Z pewnością podniesie na duchu klasycznego "nerda"-sztywniaka, który nawet prostej postawy nie umie zachować, ma fryzurę z lat 60 i nie słyszał nigdy o jakimś sporcie czy siłowni (że o relacjach z kobietami nie wspomnę).
Przy tym wszystkim udawanie fajnego, bogatego, i znającego Nicole Kidman, żeby zaimponować byłej (którą ch*j wie dlaczego przyjął do domu) jest zwykłym frajerstwem i działa na mnie żenująco nawet jako żart filmowy.
Odradzam. Szkoda czasu na to sztuczne gówno.
Nie. Do połowy. Zwyczajnie nie trafia do mnie taki komizm ...choćby na końcu miał ujawnić wyłudzenia od ZUSu, stwardnienie rozsiane, albo zmienić się w Batmana czy Jokera.
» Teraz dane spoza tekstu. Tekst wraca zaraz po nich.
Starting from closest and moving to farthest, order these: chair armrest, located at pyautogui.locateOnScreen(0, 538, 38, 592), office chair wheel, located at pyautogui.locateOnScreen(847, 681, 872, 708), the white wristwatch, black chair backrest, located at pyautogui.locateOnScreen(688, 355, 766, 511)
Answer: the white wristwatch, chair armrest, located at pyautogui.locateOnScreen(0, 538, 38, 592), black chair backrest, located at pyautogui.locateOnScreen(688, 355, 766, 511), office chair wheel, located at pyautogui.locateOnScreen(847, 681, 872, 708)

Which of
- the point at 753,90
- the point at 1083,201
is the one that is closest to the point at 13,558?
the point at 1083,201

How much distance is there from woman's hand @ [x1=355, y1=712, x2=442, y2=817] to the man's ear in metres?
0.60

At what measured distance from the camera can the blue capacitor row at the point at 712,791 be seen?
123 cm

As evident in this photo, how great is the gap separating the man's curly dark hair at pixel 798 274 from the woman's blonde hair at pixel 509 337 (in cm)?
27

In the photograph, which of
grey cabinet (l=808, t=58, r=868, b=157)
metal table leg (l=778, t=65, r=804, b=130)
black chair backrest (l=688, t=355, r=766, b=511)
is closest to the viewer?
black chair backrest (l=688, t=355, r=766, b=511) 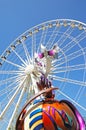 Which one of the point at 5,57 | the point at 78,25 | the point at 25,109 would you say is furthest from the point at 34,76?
the point at 25,109

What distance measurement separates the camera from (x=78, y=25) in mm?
24203

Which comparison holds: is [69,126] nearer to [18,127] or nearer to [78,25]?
[18,127]

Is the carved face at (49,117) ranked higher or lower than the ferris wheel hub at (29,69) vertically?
lower

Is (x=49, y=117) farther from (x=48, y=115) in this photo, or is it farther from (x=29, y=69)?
(x=29, y=69)

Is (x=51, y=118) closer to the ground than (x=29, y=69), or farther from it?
closer to the ground

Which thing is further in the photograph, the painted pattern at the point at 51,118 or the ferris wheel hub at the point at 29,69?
the ferris wheel hub at the point at 29,69

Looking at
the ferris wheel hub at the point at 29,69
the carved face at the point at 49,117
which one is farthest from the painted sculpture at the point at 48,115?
the ferris wheel hub at the point at 29,69

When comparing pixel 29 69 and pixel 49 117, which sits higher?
pixel 29 69

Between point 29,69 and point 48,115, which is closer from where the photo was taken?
point 48,115

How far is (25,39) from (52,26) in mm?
2643

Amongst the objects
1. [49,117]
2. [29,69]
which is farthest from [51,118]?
[29,69]

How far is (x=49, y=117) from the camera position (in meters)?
7.16

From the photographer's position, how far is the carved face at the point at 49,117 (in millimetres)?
7086

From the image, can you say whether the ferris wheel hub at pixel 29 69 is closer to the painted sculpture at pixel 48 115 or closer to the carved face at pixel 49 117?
the painted sculpture at pixel 48 115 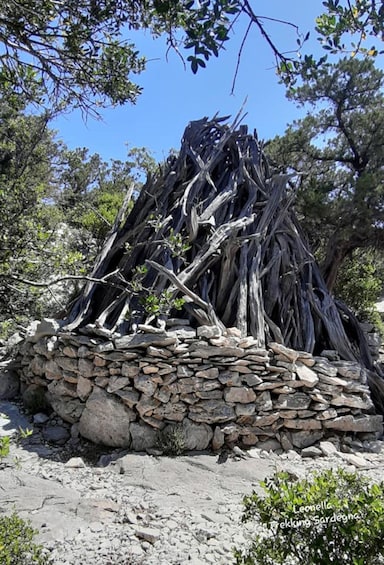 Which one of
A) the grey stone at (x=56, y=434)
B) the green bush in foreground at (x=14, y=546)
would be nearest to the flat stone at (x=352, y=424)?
the grey stone at (x=56, y=434)

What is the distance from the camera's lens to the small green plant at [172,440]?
4156 millimetres

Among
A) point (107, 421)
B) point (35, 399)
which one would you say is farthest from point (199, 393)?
point (35, 399)

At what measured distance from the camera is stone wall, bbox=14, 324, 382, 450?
14.3 feet

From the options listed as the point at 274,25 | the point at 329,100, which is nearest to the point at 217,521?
the point at 274,25

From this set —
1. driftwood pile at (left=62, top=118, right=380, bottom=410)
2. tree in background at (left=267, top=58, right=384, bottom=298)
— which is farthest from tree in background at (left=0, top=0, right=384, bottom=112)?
tree in background at (left=267, top=58, right=384, bottom=298)

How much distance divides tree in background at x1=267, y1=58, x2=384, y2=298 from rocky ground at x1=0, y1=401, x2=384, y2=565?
395 cm

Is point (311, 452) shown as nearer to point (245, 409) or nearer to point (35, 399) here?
point (245, 409)

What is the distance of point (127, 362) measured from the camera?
4.48m

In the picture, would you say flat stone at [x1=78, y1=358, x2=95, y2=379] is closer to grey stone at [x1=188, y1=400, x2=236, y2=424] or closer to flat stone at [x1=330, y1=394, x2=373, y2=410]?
grey stone at [x1=188, y1=400, x2=236, y2=424]

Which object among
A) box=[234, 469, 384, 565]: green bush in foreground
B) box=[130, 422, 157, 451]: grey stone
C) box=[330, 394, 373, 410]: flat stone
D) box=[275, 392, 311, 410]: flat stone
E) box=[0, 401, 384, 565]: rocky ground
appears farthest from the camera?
box=[330, 394, 373, 410]: flat stone

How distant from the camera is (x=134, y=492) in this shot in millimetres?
3465

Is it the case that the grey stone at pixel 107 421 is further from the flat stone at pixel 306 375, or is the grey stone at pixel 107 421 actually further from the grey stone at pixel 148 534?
the flat stone at pixel 306 375

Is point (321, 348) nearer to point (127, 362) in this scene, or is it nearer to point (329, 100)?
point (127, 362)

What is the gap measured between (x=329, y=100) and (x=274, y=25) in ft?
21.2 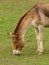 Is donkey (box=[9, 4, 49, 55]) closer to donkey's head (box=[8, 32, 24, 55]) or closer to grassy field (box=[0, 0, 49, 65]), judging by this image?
donkey's head (box=[8, 32, 24, 55])

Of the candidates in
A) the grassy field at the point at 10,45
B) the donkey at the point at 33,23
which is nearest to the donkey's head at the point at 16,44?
the donkey at the point at 33,23

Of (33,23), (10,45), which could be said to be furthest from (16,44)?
(10,45)

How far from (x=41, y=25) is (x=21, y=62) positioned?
1.44 m

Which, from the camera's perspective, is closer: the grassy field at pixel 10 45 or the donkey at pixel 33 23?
the grassy field at pixel 10 45

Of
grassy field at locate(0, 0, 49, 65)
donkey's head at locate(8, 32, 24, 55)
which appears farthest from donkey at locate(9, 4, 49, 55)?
grassy field at locate(0, 0, 49, 65)

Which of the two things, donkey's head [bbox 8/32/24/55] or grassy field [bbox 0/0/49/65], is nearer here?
grassy field [bbox 0/0/49/65]

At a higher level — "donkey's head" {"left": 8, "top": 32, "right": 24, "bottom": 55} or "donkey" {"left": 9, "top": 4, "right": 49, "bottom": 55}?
"donkey" {"left": 9, "top": 4, "right": 49, "bottom": 55}

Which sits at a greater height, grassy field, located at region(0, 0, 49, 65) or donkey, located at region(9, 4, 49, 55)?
donkey, located at region(9, 4, 49, 55)

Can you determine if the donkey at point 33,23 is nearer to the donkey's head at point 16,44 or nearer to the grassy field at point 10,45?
the donkey's head at point 16,44

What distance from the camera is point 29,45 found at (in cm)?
1136

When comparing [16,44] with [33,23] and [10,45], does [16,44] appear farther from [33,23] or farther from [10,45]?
[10,45]

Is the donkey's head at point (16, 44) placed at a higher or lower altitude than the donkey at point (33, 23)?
lower

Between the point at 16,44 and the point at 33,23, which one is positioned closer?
the point at 16,44

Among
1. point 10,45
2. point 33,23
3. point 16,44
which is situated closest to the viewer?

Mi nie chodzi o twoją ocenę (choć przyznam że mało który film zasługuje na 1, i ten też nie należy do takich), chodziło mi tylko o to zdanie: "Przy tym wszystkim udawanie fajnego, bogatego, i znającego Nicole Kidman, żeby zaimponować byłej (którą ch*j wie dlaczego przyjął do domu) jest zwykłym frajerstwem i działa na mnie żenująco nawet jako żart filmowy." , które pokazuje, że filmu nie obejrzałeś do końca. Bo właśnie mniej wiecej taki był morał tego filmu, tani bo tani, oklepany, ale jednak był.